◆ **Work request**: Filter the entries beneath this task, copying only the lines that hold the word "Halloween".

=== Material for the task ===

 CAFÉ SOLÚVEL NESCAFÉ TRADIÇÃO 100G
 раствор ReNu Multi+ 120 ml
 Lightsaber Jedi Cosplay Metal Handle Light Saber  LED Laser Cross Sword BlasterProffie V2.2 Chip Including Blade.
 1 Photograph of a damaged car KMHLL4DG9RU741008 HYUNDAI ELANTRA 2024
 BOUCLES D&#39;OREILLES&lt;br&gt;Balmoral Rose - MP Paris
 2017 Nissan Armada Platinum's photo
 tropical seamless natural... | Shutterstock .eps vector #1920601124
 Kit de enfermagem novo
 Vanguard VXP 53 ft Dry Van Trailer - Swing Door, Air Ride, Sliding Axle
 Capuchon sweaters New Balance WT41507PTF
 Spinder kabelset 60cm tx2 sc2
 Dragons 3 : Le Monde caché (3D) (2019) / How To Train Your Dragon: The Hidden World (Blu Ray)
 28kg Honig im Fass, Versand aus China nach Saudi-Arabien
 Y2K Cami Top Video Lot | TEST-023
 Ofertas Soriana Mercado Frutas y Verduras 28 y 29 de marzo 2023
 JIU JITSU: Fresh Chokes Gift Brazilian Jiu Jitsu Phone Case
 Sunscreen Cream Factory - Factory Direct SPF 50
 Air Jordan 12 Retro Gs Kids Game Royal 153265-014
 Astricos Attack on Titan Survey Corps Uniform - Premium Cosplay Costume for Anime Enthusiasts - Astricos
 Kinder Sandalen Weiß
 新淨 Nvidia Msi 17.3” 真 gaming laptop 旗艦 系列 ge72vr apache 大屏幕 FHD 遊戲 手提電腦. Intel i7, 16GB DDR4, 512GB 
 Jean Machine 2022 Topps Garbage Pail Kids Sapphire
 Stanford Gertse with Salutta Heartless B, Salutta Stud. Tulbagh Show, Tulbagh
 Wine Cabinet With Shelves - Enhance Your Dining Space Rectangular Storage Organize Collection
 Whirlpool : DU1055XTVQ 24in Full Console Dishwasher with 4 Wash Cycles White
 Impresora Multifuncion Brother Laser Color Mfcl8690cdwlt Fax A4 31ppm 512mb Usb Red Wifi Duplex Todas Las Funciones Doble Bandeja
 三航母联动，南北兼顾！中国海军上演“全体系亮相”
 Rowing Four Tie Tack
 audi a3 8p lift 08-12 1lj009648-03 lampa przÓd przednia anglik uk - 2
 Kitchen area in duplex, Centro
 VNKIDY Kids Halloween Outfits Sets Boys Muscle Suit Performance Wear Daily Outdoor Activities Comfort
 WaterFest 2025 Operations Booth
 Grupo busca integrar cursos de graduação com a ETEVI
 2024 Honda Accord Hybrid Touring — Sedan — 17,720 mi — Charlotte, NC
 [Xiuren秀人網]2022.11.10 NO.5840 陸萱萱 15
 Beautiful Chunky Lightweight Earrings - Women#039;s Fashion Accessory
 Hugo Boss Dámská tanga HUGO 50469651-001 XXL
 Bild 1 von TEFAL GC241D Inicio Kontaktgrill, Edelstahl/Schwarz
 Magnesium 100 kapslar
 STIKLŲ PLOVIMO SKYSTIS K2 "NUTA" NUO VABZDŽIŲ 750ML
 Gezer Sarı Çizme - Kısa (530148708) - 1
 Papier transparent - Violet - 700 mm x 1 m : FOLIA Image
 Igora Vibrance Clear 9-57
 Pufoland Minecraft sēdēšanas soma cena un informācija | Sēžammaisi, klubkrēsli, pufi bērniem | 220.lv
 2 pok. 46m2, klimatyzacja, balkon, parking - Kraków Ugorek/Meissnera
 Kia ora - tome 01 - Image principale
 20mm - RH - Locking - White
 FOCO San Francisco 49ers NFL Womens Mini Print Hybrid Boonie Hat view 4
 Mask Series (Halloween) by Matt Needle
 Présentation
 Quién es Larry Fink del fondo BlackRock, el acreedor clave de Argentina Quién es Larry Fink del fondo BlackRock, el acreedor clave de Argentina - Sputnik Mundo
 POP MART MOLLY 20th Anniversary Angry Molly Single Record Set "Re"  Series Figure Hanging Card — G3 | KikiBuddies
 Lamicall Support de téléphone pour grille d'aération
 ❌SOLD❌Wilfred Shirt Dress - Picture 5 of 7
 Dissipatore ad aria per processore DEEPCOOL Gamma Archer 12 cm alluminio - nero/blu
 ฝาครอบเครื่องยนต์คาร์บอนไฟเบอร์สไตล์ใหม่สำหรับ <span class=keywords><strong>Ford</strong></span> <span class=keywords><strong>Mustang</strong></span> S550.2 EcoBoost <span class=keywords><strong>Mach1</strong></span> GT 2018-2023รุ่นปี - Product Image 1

===

◆ **Exercise output**:
 VNKIDY Kids Halloween Outfits Sets Boys Muscle Suit Performance Wear Daily Outdoor Activities Comfort
 Mask Series (Halloween) by Matt Needle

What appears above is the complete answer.